Monaco GP: Death, glory & espionage: McLaren at 50
- Published
McLaren arrived at the Monaco Grand Prix, at which they marked the 50th anniversary of their first entry in Formula 1, hoping the race would be their best chance of a decent result so far this year - and possibly all season.
It was, but it says something for the way the team have fallen from past greatness that the result was fifth place for Fernando Alonso.
This, from a team that has won 182 grands prix, at a win rate of 23.18%, 12 drivers' world championships, and eight constructors' titles. And which still, despite its dire current results, has two world champions in the cockpit - one of them, Alonso, arguably the best on the grid.
Go back to what you know
The slump started in 2013, when McLaren lost its way on chassis design, but still had the best engine.
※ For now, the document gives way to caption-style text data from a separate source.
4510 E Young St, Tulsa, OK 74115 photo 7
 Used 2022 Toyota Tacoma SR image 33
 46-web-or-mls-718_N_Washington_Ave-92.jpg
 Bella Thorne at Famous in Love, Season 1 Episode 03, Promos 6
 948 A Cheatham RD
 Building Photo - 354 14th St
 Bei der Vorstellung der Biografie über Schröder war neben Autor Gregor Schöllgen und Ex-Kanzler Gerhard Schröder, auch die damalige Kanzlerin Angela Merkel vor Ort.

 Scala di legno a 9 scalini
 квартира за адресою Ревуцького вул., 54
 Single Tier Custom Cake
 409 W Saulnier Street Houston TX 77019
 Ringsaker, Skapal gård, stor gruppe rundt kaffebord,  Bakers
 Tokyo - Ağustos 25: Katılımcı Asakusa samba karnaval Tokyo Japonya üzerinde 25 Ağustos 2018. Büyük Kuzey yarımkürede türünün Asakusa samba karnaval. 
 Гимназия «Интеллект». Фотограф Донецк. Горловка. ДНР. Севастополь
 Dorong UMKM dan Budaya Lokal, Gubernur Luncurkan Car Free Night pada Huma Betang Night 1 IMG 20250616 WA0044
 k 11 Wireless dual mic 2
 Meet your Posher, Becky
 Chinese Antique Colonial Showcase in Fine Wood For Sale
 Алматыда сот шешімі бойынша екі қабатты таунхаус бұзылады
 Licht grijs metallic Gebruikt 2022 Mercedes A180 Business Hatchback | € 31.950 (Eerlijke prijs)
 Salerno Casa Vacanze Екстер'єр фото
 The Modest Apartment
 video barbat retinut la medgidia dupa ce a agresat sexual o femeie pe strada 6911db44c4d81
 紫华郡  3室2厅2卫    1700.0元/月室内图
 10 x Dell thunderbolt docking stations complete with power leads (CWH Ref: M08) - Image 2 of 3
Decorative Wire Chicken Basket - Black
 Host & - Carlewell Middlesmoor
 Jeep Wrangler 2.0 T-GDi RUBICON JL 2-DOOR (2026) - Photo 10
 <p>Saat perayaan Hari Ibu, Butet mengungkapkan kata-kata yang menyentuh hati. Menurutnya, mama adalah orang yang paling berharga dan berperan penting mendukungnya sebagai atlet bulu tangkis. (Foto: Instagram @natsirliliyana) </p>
Now, the team seem to have got their mojo back with the car but the problems lie with the Honda power-unit.
This is a far cry from the previous era of one of the most famous partnerships in F1 - it is with Honda that McLaren achieved their greatest successes of an illustrious history.
In 1988, they swept a season like no-one has since, even Mercedes. With the two best drivers in the world in their cars, Ayrton Senna and Alain Prost, they won 15 of the 16 races.
They dominated the next four years, before spending several years in the doldrums - a dip at times as bad as the latest one - before more resounding success, with Mika Hakkinen and Mercedes engines in 1998-99.
Amazingly, the team's last constructors' title was in the first of those two years of victories with the 'flying Finn'.
Never without controversy
They should have won it again, in 2007, when Alonso and Lewis Hamilton were team-mates and finished agonisingly tied in the championship, a single point behind the winner, Kimi Raikkonen of Ferrari.
But although the team scored more points than any other, McLaren were kicked out of the constructors' championship that year - and fined $100m - after being found guilty of benefitting from their illegal possession of reams of Ferrari technical information.
There was another scandal two years later - this time dubbed 'lie-gate' - after Hamilton and sporting director Dave Ryan were found to have misled the stewards at the Australian Grand Prix. This led to a humiliating public apology from Hamilton, and the sack for Ryan.
Until 2012, when Hamilton and team-mate Jenson Button won seven races between them, the victories kept coming, but other than Hamilton's in 2008, the titles dried up - and now the wins have, too.
Triumph and decline
In many ways, their current predicament is nothing surprising. McLaren's F1 history has, like those of many long-term participants, been a cycle of triumph and decline.
Their first decade, following the team's establishment by the New Zealand F1 driver Bruce McLaren was spent building up the team into an increasingly powerful force, a process that continued despite the founder's death in a testing crash in 1970.
Their maiden title came in 1974, with the Brazilian Emerson Fittipaldi. Another followed two years later, courtesy of James Hunt in his now-famous battle with Ferrari's Niki Lauda.
But then the team began to slip backwards, left behind by the technology of the time. Rather like now.
So alarming was the dip in form that main sponsor Marlboro engineered a coup, bringing on board Ron Dennis, first as co-team boss. He took complete control shortly afterwards and has held it ever since, in one role or another.
Dennis built the team up to its first period of real domination in 1984-5, followed by the Honda era, then a partnership with Mercedes, before stepping back in 2009, only to take back control after the team's disastrous 2013 season.
So far, his return has not had its intended effect. But is McLaren in a period of slow - some would even say terminal - decline? Or are the good times around the corner again?
Dennis insists it is only a matter of time before success will return.
It is McLaren, he told BBC Sport in an interview to mark the team's golden anniversary, who will break Mercedes' hegemony in F1, and become the next team after the German giants to win the title.
This, after all, is why Alonso returned to the team in 2015 - a decision widely questioned at the time because of the difficult relationship he had with Dennis when they worked together in 2007.
The Spanish two-time champion left Ferrari because he felt they would never get there; joined McLaren partly because there was nowhere else to go, but also because he felt the renewed Honda partnership was his best chance to win an elusive third title in the end.
Dennis and his lieutenants believe they are in the process of arresting the slide, that the car is among the very best this year, and that next year Honda - who last year re-entered F1 too soon - will ensure their engine is, too.
They can see the progress, they say, and it is only a matter of time before they again deliver "championships, plural", as Dennis puts it.
But right now, belief is all they have. And on it rests not only a successful end to the career of one of the sport's greatest ever drivers, but also the reputation of one of its greatest names.